In der Al-Muhajirin-Moschee sitzt der Gemeindevorsitzende Kharrat hinter seinem Schreibtisch. Die Fenster des Büros tragen Gitterstäbe und im Hintergrund leuchten kleine Bildschirme. Nicht weit vom Schreibtisch nimmt Sabri Shiref, ein Mitglied des Vorstands, Platz. Nachdenklich rührt er in seinem Kaffee. „Der polizeiliche Ansprechpartner ist oft zu Besuch in der Moschee gewesen“, erzählt Kharrat. Man habe gute Gespräche geführt. Vor ein paar Tagen seien andere Polizisten da gewesen. „Sie haben sich nach den Gebetszeiten erkundigt und gesagt, dass sie vor der Moschee Streife fahren werden. Einen neuen Kontakt, wo wir anrufen können, gab es auch.“

Kharrat legt die Visitenkarte auf den Tisch und zeigt auf die Bildschirme: „Wir haben natürlich Angst vor Salafisten und erlauben in unserer Moschee keine Radikalen, oder generell Menschen, die etwas Böses wollen. Auf dem Gelände sind überall Kameras. Es gibt drei Leute, die beobachten und Fremde kontrollieren.“ Shiref stimmt ihm zu: „Die Moschee ist offen für alle. Wir müssen trotzdem vorsichtig sein und unsere Augen immer aufhalten.“ Seit der Eröffnung des Gotteshauses vor sechs Jahren sei aber noch nichts passiert, bekräftigt Kharrat.

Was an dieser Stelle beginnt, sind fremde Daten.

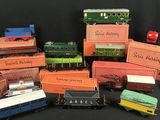 un grand nombre de trains miniatures posés sur une table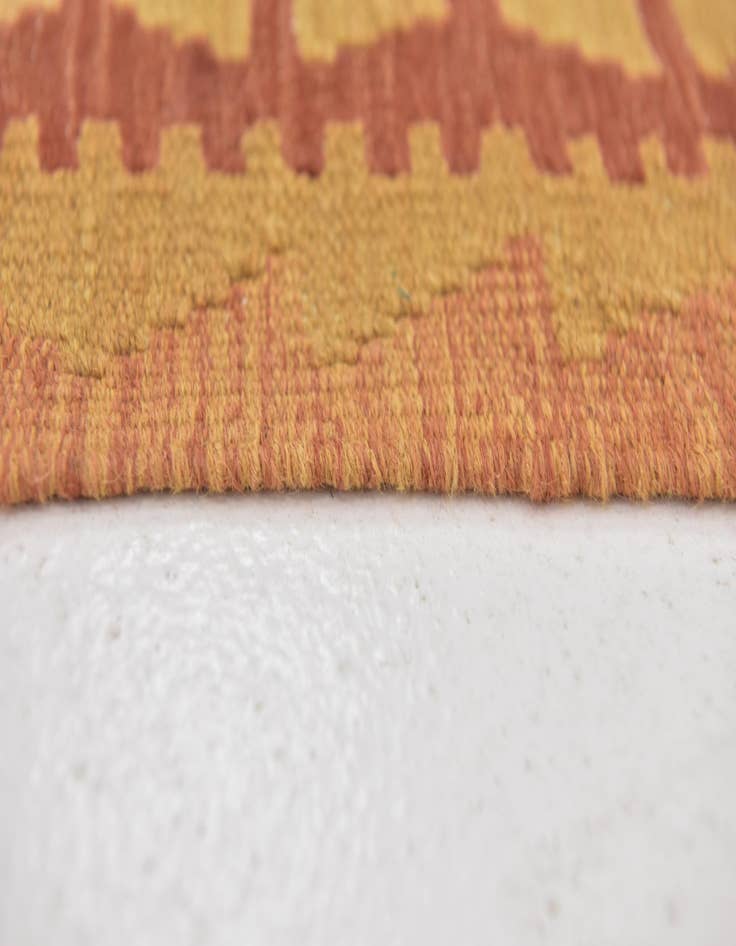 Detail image of  2' 6 x 4' 3  Hand Woven Kilim Waziri Wool Rug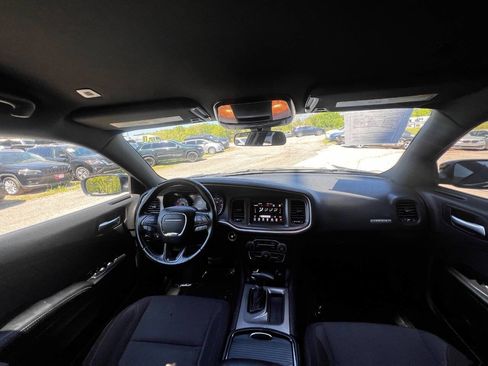 Used 2019 Dodge Charger SXT w/ Blacktop Package RWD image 12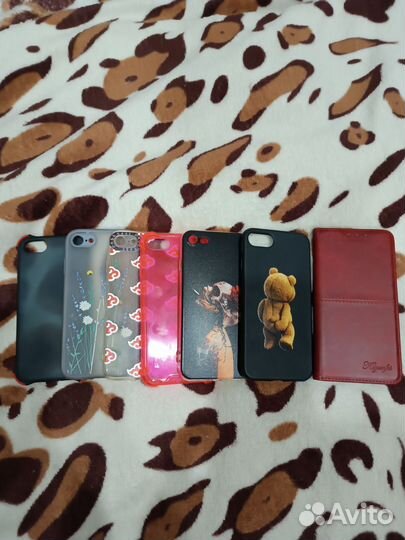 Чехлы на iPhone 7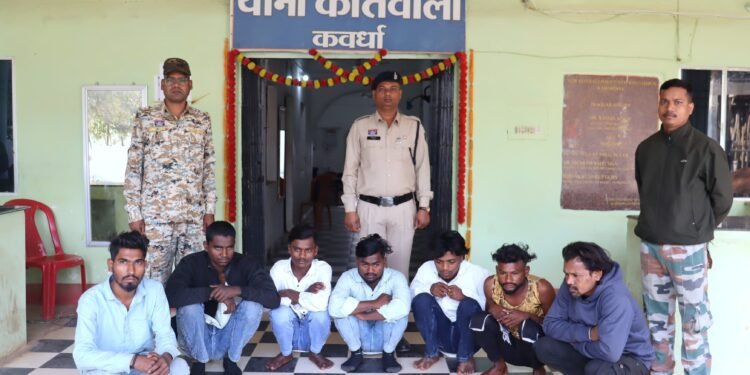 *घुघरी रोड पर राहगीरों को परेशान करने वालों पर पुलिस की ताबड़तोड़ कार्रवाई, 7 बदमाश एवं 1 नाबालिक हिरासत में*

Emotionale Frage nach der Zukunft

Angesprochen auf die Zukunft der Muslime in Europa werden beide emotional. Shiref hebt seinen Kopf: „Seit 2001 werden wir Muslime als Terroristen angesehen. Dabei kann der Terror doch jeden treffen. Wenn ich höre, was in Europa mit Muslimen auf der Straße passiert, spüre ich Angst um meine Töchter. Sie tragen Kopftücher. Ich sage immer zu ihnen, gebt Acht! Es ist schade, dass Ihnen hier etwas passieren kann.“

Für Kharrat ist die Sache klar. Eine Hauptschuld an islamfeindlicher Gewalt tragen die Medien: „Es gibt Radikale, die von den Medien heiß gemacht werden. Es wird mit Ängsten gespielt und erzählt, dass es in Deutschland zu viele Muslime gibt. Wir wollen einfach leben und andere leben lassen. Die Medien picken sich heraus, was sie haben wollen und verdrehen die Tatsachen.“ Shiref wird deutlich: „Ich bin Deutscher und habe keine andere Staatsbürgerschaft. Das ist auch mein Land. Wir müssen aufpassen, dass es am Ende nicht so verläuft wie mit den Juden damals.“ Kharrat, der seit 40 Jahren in Deutschland lebt und das Land als seine Heimat bezeichnet, fordert: „Wir müssen als Gesellschaft mehr zusammen halten!“

Angst um die eigenen Kinder

Das Freitagsgebet steht an. Nach und nach fahren Autos mit Familien auf den Parkplatz der Moschee. Ein Mann steigt mit seinen zwei kleinen Töchtern aus und geht zum Eingang. Der 38-Jährige hat Angst um seine Kinder. „Ich denke schon an das Attentat, aber es wird mich jetzt nicht davon abbringen, weiter hier hinzukommen.“ Auch eine junge Frau will sich das Beten nicht verbieten lassen: „Ich lebe einfach normal weiter“, sagt sie und verschwindet in der Moschee. Zwei Jugendliche zeigen stolz ihre Kopftücher. Sie hätten keine Angst, und Gewalt hätten sie auch noch nicht erleben müssen, sagen die 16-Jährigen.